The United States and the Soviet Union appeared to reach an agreement by 11 December 1990, when Soviet foreign minister Shevardnadze met U.S. secretary of state Baker in Houston. Both sides agreed to support the establishment of a U.N.-sponsored transitional organ that would replace the current government, to end all weapons supplies and to leave the precise structure of the transition to U.N. consultations with the Afghan parties. At the last minute, however, Shevardnadze’s efforts were blocked by hard-line officials in the Soviet government, and he was forced to refuse to agree to a “date certain” for negative symmetry.[24] Upon his return to Moscow he resigned, warning the Soviet public against these “reactionaries.”
Effects of the Gulf War
The rising power of the Soviet hard-liners in early 1991stymied further progress in the U.S.-Soviet dialogue, but the Gulf War helped settle some of the outstanding issues. Both Pakistan and Saudi Arabia began to look more favorably on a political settlement as those opposed to it were discredited. The radical elements of the Afghan mujahidin — in particular Hizb, and its Pakistani supporters — joined the international Islamist opposition to the U.S.-led coalition. Pakistan's conservative civilian leadership, along with the nationalists and moderates among the mujahidin, supported the U.S.-Saudi position. As a result, the Saudis at least temporarily suspended funding to Hizb.

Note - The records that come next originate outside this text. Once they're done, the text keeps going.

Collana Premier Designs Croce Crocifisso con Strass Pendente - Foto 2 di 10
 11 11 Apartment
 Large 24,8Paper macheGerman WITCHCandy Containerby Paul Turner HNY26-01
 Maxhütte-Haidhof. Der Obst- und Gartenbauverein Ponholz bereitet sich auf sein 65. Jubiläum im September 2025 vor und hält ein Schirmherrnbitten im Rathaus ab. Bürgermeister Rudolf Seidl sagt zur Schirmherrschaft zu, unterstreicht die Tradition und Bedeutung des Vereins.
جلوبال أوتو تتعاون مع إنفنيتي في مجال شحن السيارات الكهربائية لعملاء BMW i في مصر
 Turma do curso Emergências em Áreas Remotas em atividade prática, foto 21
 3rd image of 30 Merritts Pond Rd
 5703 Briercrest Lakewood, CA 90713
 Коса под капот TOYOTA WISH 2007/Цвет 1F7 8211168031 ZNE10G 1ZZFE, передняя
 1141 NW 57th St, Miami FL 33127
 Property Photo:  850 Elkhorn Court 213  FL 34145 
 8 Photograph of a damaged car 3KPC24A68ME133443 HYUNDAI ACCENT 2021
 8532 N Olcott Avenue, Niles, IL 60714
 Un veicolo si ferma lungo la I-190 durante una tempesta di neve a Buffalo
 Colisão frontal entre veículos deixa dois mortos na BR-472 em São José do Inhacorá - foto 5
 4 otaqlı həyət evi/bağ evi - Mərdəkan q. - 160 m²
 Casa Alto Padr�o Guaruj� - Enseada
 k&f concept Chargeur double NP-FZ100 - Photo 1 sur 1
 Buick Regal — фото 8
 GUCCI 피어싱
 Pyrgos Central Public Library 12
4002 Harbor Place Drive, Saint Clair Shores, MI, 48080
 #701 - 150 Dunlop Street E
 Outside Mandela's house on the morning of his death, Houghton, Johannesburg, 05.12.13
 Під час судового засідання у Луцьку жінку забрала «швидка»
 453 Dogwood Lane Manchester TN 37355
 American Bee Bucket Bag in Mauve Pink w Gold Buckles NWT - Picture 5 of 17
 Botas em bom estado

Immediately after the Gulf War, at the end of March 1991, the Pakistani ISI threw all its resources — including many Pakistani advisers on the ground — into the battle for the Afghan garrison town of Khost. The garrison fell, but the cost in Pakistani effort and the inability of the Pashtun tribal mujahidin to establish a government even in this small town — instead they pillaged it — only reinforced the failure of the military option. The Pakistani president and prime minister decided that it was time to promote a political settlement; the Saudis agreed.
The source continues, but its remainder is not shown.